Ok, so here's the thing. As we all know, last friday was pay day friday. I have this one problem when it comes to money. I know i've turned out like this because my mom, ok, i can't translate this to english -kinuripot ako ng nanay ko mula pagkabata hanggang gumaraduate na ko at nagkatrabaho. So, i have this problem, you know the term : One day Millionaire? Yes, i am like that.

Last friday, i checked my account, since the line to switch was down i couldn't withraw my money. I got no beef with that because i have still some money left here at home. I spent some on saturday and decided to withraw yesterday sunday. Here's the thing, i still can't withraw and when i checked my account, it was 700 peso short. I have no idea why that happened, but i guess the tax folks deducted the tax already. That was my theory. I brought this issue to my mother and guess what, she didn't ask why or how i lost the money but instantly stretched out her palm and asked my contribution. Hahaha, now that's a mother. She was like that since i got my job. I remember about 2 months ago, she was giving her "i-think-allan-has-a-fault-so-i-will-give-him-sermon" I remember her saying "Kayo, pagnagkatrabaho kayo, di ko kayo hihingiian ng pera" Then when i got a job. I suddenly got obliged to give her this amount. Then when she knew how much i am earning (because she sneaked at my offer sheet) she increased my contribution... - now talk about "di kita hihingian ng pera"

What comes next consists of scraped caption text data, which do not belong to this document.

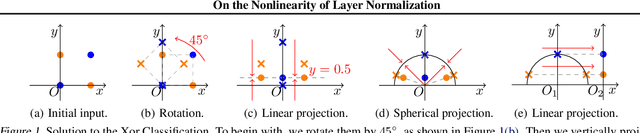 Figure 1 for On the Nonlinearity of Layer Normalization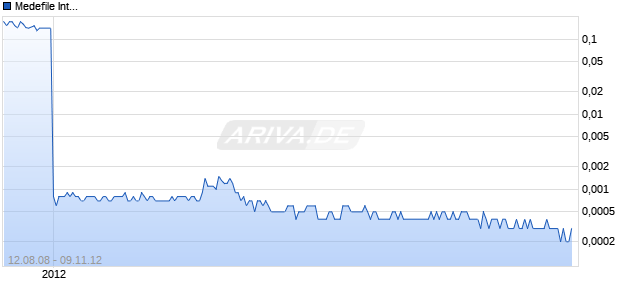 Medefile International Chart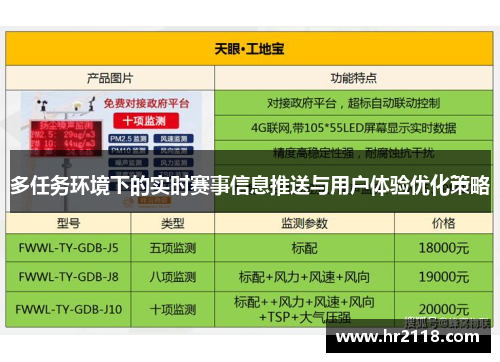 多任务环境下的实时赛事信息推送与用户体验优化策略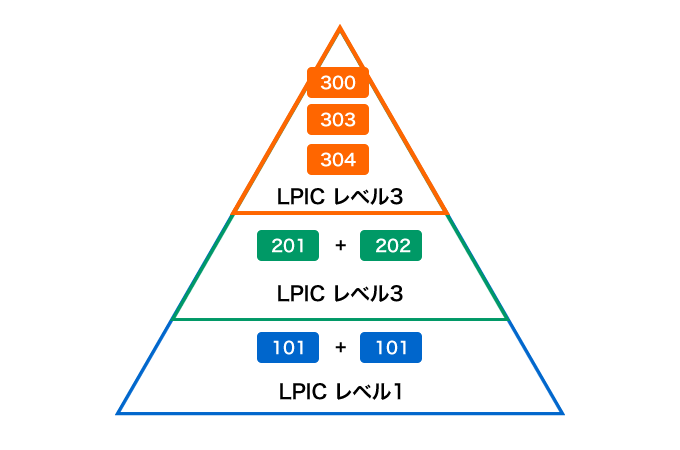 LPICの3レベル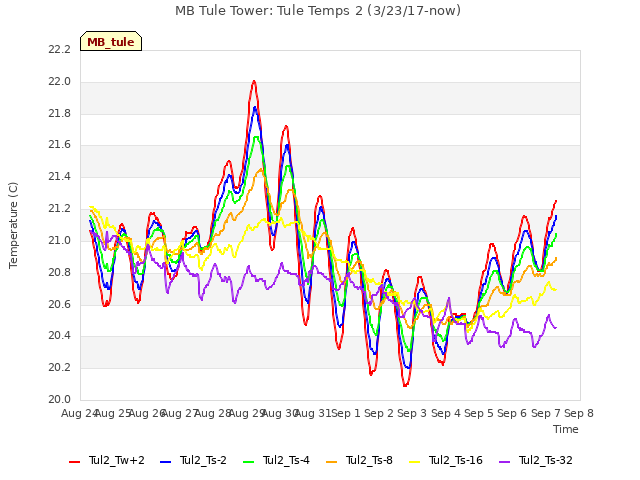 plot of MB Tule Tower: Tule Temps 2 (3/23/17-now)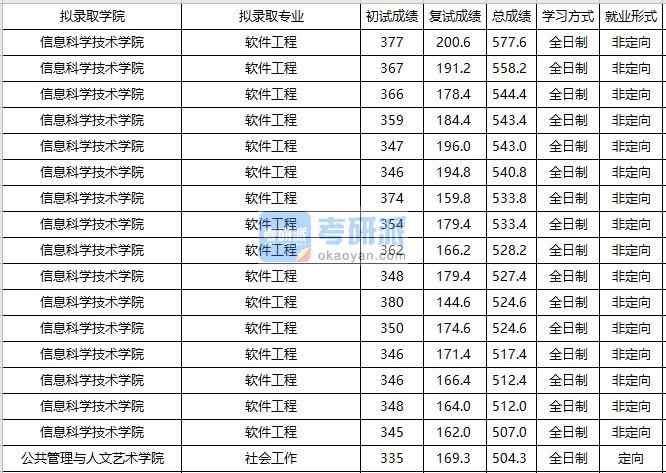 大連海事大學(xué)軟件工程2020年研究生錄取分?jǐn)?shù)線(xiàn)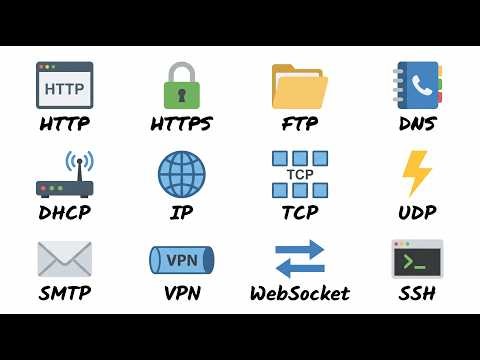 Every Internet Protocol Explained In 4 Minutes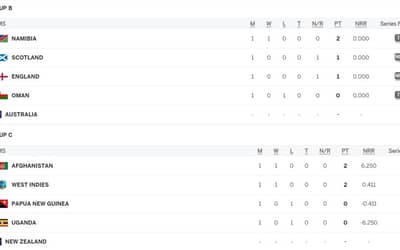 ICC T20 World Cup 2024 Points Table [June 05] after England vs Scotland| Updated Team Standing ENG vs SCO | NEP vs NED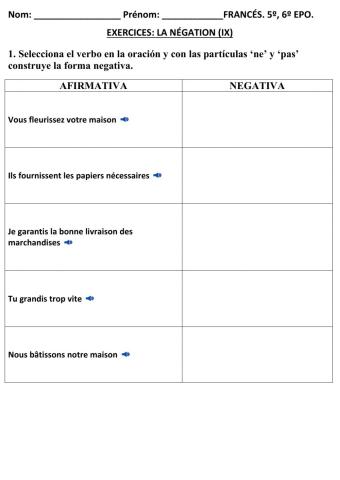 Ficha LA NEGACIÓN (IX)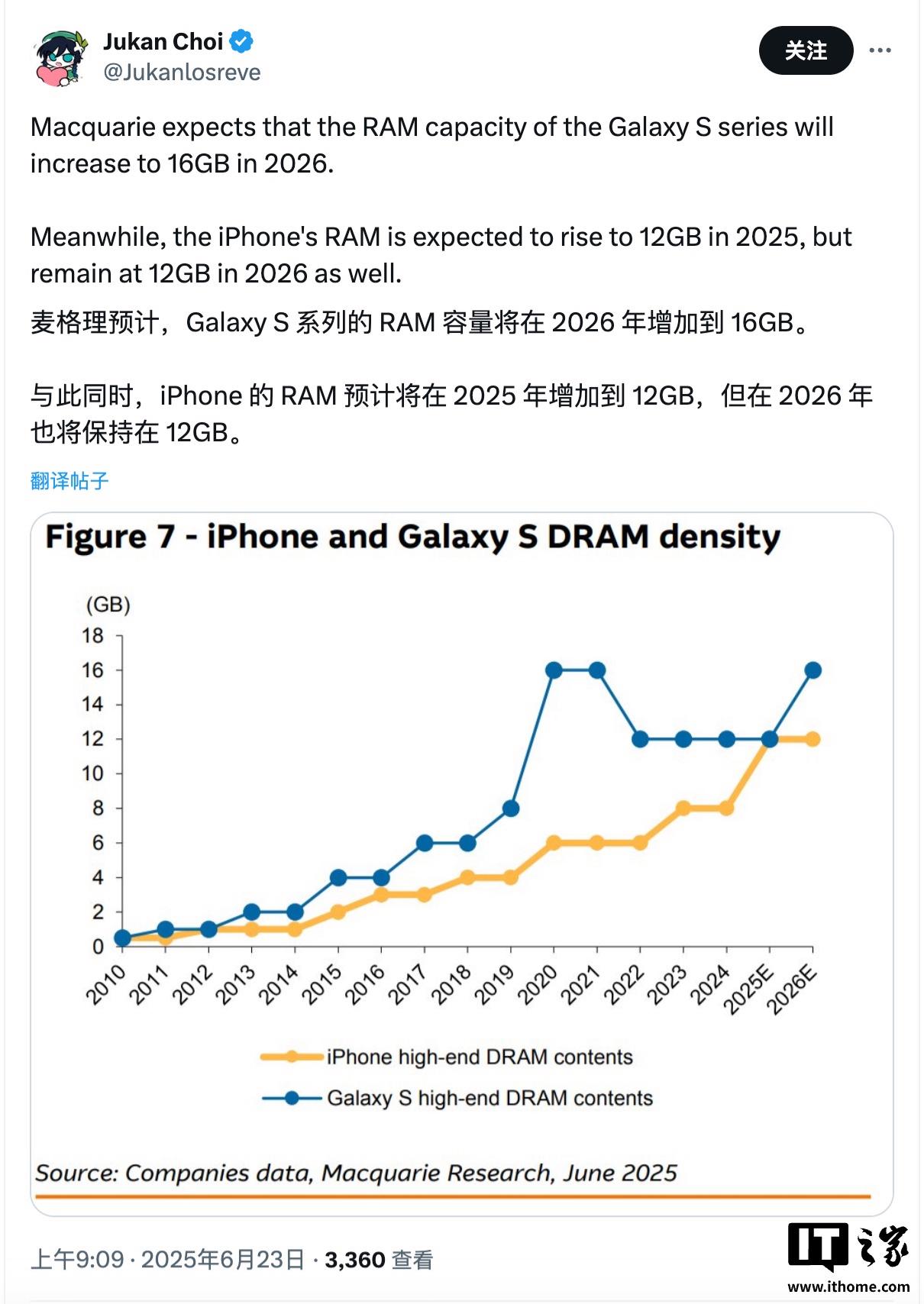 三星Galaxy S26系列预计明年全面升级至16GB内存，苹果保持12GB不变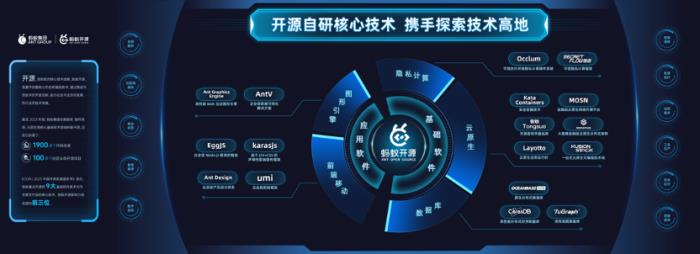 螞蟻集團發布2023知識產權白皮書，全球專利申請量逾3.2萬件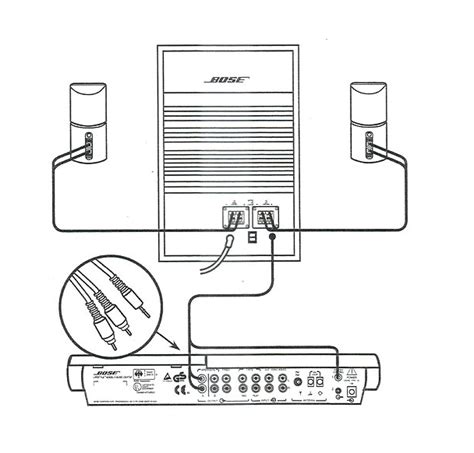 bose acoustimass series  subwoofer wiring diagram  faceitsaloncom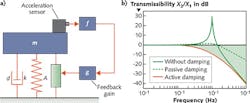 FIGURE 1. An active vibration isolation setup for a sensitive system with mass m consists of a passive spring k, a damper d, a force generating element A, a sensor, and a control circuit-in this case, a velocity feedback (a). With active damping, the resonance of the undamped system can be reduced beyond the effect of passive damping as indicated in the transmissibility plot. The green area below 0 dB indicates the amount of isolation in comparison to a rigid connection (b). FIGURE 1. An active vibration isolation setup for a sensitive system with mass m consists of a passive spring k, a damper d, a force generating element A, a sensor, and a control circuit-in this case, a velocity feedback (a). With active damping, the resonance of the undamped system can be reduced beyond the effect of passive damping as indicated in the transmissibility plot. The green area below 0 dB indicates the amount of isolation in comparison to a rigid connection (b).
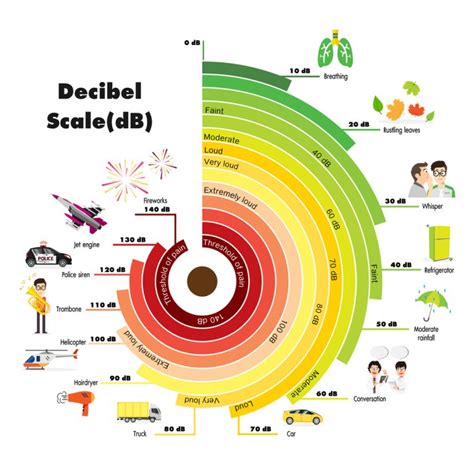 Decibel Chart Of Common Sounds Boutiquejoker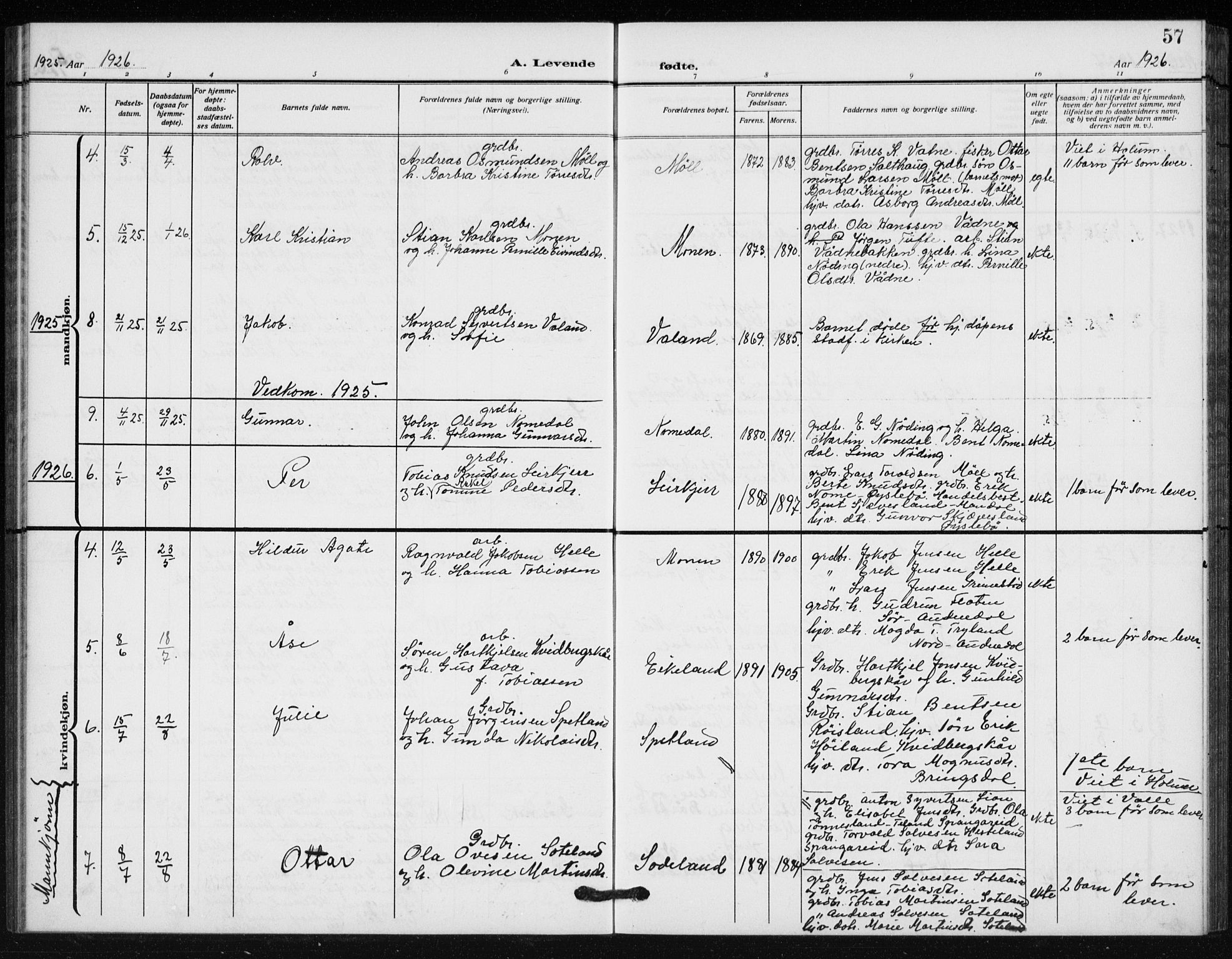 Holum sokneprestkontor, SAK/1111-0022/F/Fb/Fba/L0006: Parish register (copy) no. B 6, 1910-1936, p. 57
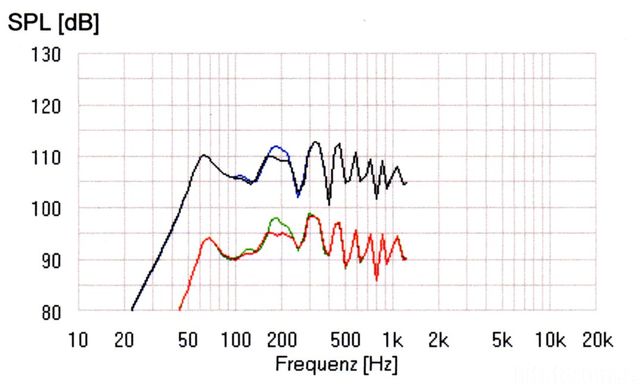 Simhelmholtz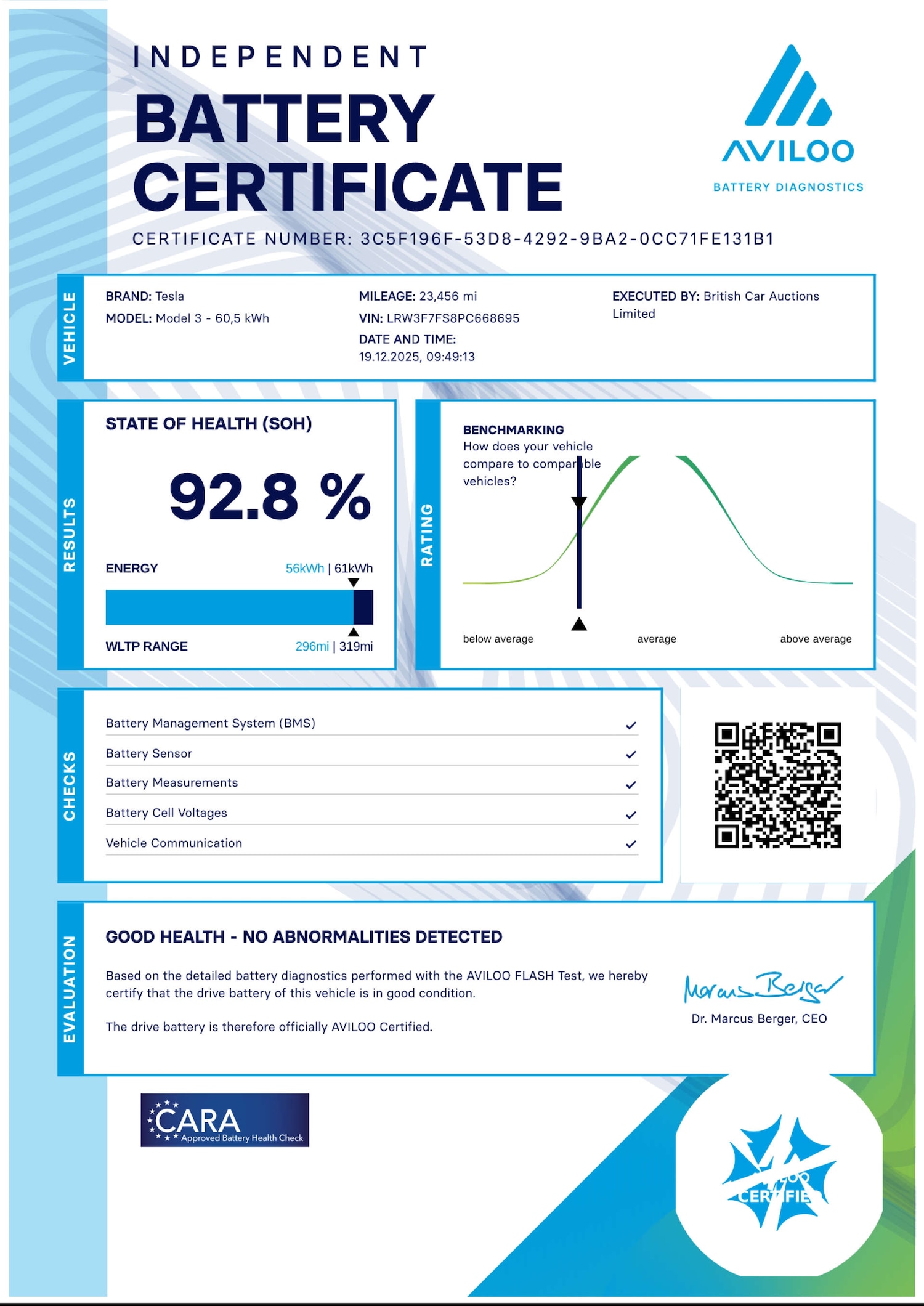 Used Tesla Model 3 2022 for sale - 77434681: Photo 28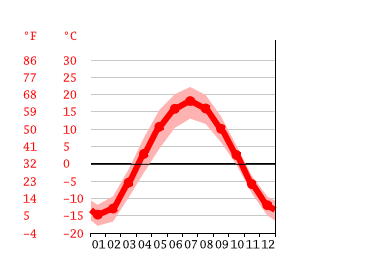Grafico temperatura, Yekaterinburg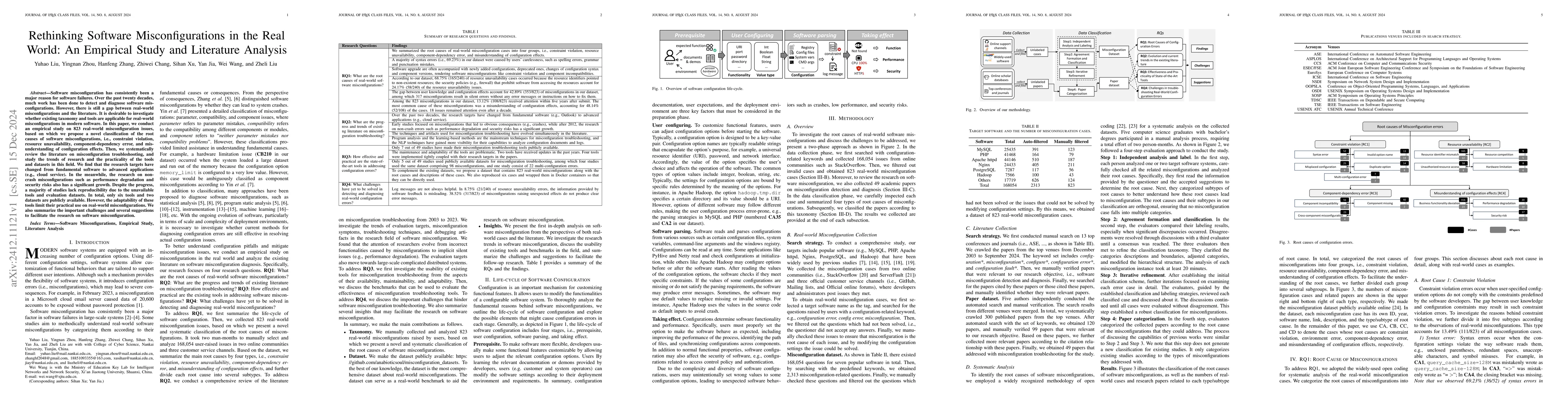 Thumbnail for Rethinking Software Misconfigurations in the Real World: An Empirical
  Study and Literature Analysis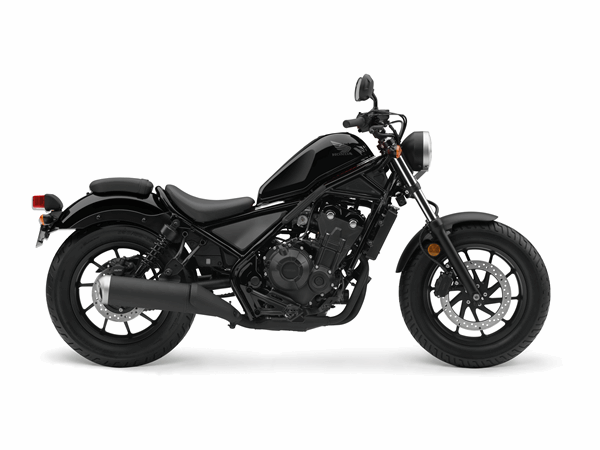 Parts for CMX500A 2019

But i got used to that. She was like that. Money money money. But to hell with that. I have this problem, i am too gastador. Tomorrow my plan is i'm going to open a friggin' account. I should have done this a long time ago but due to busy schedule.. er.. hahahah, busy sched my ass! The bank is just downstairs, i am just so lazy. That's all... hehe.

You know what, i've spent half of my earnings. About 20% on my forced contribution. But hey, sometimes you've got to give yourself some responsibilities. It's just ironic that now i am the one being asked money from... or something like that.